The company’s shares have seen a major dip year to date. Should you buy it, or is it a risky bet? Let's find out.

What’s Clouding Goodyear’s Prospects?

High Debt Pile: On June 30, 2024, long-term debt and finance leases rose to $6,832 million from $6,831 million as of Dec. 31, 2023. Notably, Goodyear’s long-term debt-to-capital ratio of 0.58 is higher than the auto sector’s 0.34. Elevated leverage restricts the firm's financial flexibility.
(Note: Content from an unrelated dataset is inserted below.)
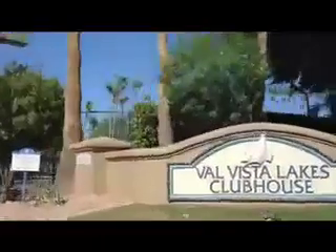As a resident of Val Vista Lakes, you have full access to the clubhouse and all it has to offer. There's an eight-court championship tennis complex, indoor racquetball courts, and even cardio and weight training facilities.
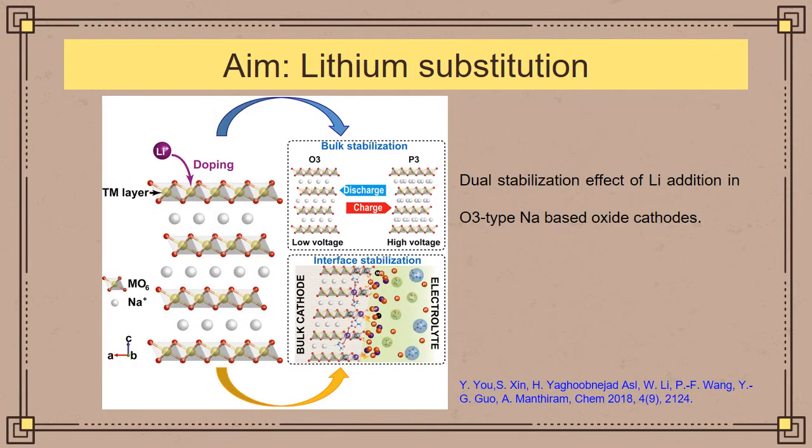As a solution to address the challenges of sodium-ion batteries, we proposed the use of lithium substitution. Lithium substitution has been previously reported by many groups, wherein small trace amounts of lithium are substituted instead of sodium in the alkali metal layer. This figure shows the dual stabilization effect of lithium addition in O3-type sodium-based oxide cathodes, demonstrating both bulk stabilization of the crystal structure during charge/discharge and interface stabilization where lithium protects the cathode from unwanted reactions with the electrolyte. However, lithium substitution has not been reported in polyionic compounds such as Na2FeP2O7.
Soaring Capex to Limit Cash Flows: Technology change requires Goodyear to make substantial amounts of investment and capital spending in order to develop technologically advanced offerings. Capex for 2024 is expected to be around $1.25 billion, up from $1.05 billion in 2023. High spending on account of the upgrades for more complex tire designs and brownfield expansions are likely to clip cash flows.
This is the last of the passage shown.